The resulting Astro-RL The model realizes:

  • Math 500:: 81.8%
  • AMC 2025:: 64.4%
  • Like 2025:: 30.0%

These results compete or exceed models with more important parameter counts and confirm the importance of the initialization of Astro's search.

The return behavior back is correlated with the success of reasoning

Striking empirical observation is the positive correlation Between the frequency of return to the back and the performance. As training progresses, Astro-RL has more self-corrigerated actions and deeper exploration. Pearson correlation coefficients through the landmarks exceed 0.8, which indicates that self-reflection and backwards are not simply cosmetic behavior but functionally linked to better precision.
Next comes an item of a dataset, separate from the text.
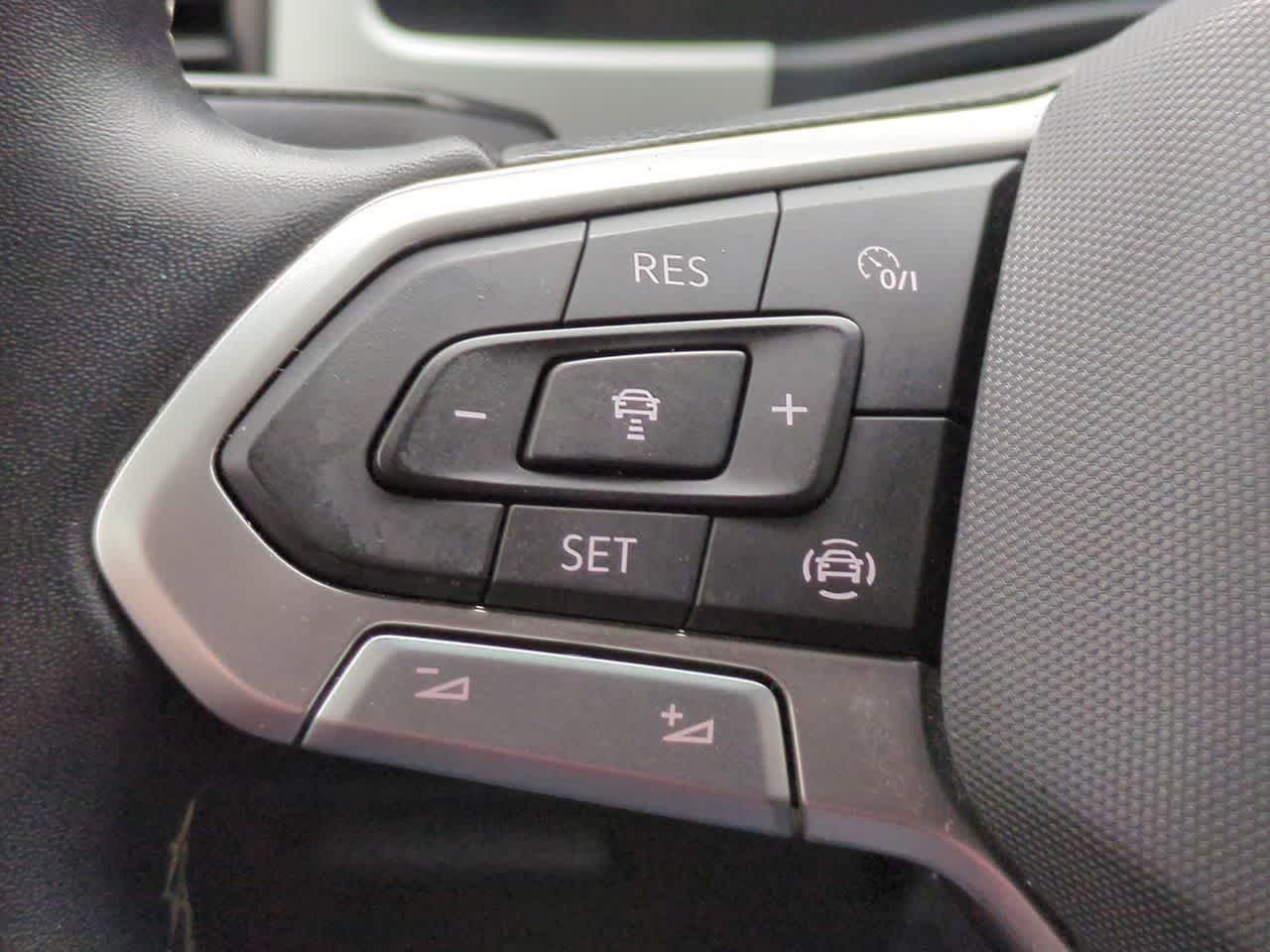 Thumbnail: 2023 Volkswagen Atlas - 24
Comparative information and broader impact

Control experiences comparing Astro with models formed on direct speaker bed solutions (no research prior) reveal that even when formed on the even The sets of problems and the research trees, Astro constantly surpasses. For example, Astro-Rl Bat Direct-RL by:

  • + 2% on mathematics 500
  • + 3.9% on AMC 2025
  • + 2.9% on love 2025

In addition, astro outputs can be visualized as Directed graphicsWith nodes as stages of reasoning and edges capturing transitions, reflections and corrections – facilitating better interpretability.

Table to remember Astro Key

image

Conclusion

ASTRO shows that LLM like Llama 3 can learn to reason more effectively-not through larger models or a longer pre-training, but via post-training techniques in principle. By imitating research algorithms in natural language, Astro allows models of Think before answering,, doubt their own stepsAnd Correct yourself in the middle of the season. This framework establishes a new reference for LLM open to fine adjustment to approach human reasoning through behaviors inspired by research.


Discover the Paper. All the merit of this research goes to researchers in this project. Also, don't hesitate to follow us Twitter And don't forget to join our Subseubdredit 100k + ml and subscribe to Our newsletter.


Screen Shot 2021 09 14 at 9.02.24 AM

Asif Razzaq is the CEO of Marktechpost Media Inc .. as a visionary entrepreneur and engineer, AIF undertakes to exploit the potential of artificial intelligence for social good. His most recent company is the launch of an artificial intelligence media platform, Marktechpost, which stands out from its in-depth coverage of automatic learning and in-depth learning news which are both technically solid and easily understandable by a large audience. The platform has more than 2 million monthly views, illustrating its popularity with the public.

a sleek banner advertisement showcasing

Leave a Comment

This site uses Akismet to reduce spam. Learn how your comment data is processed.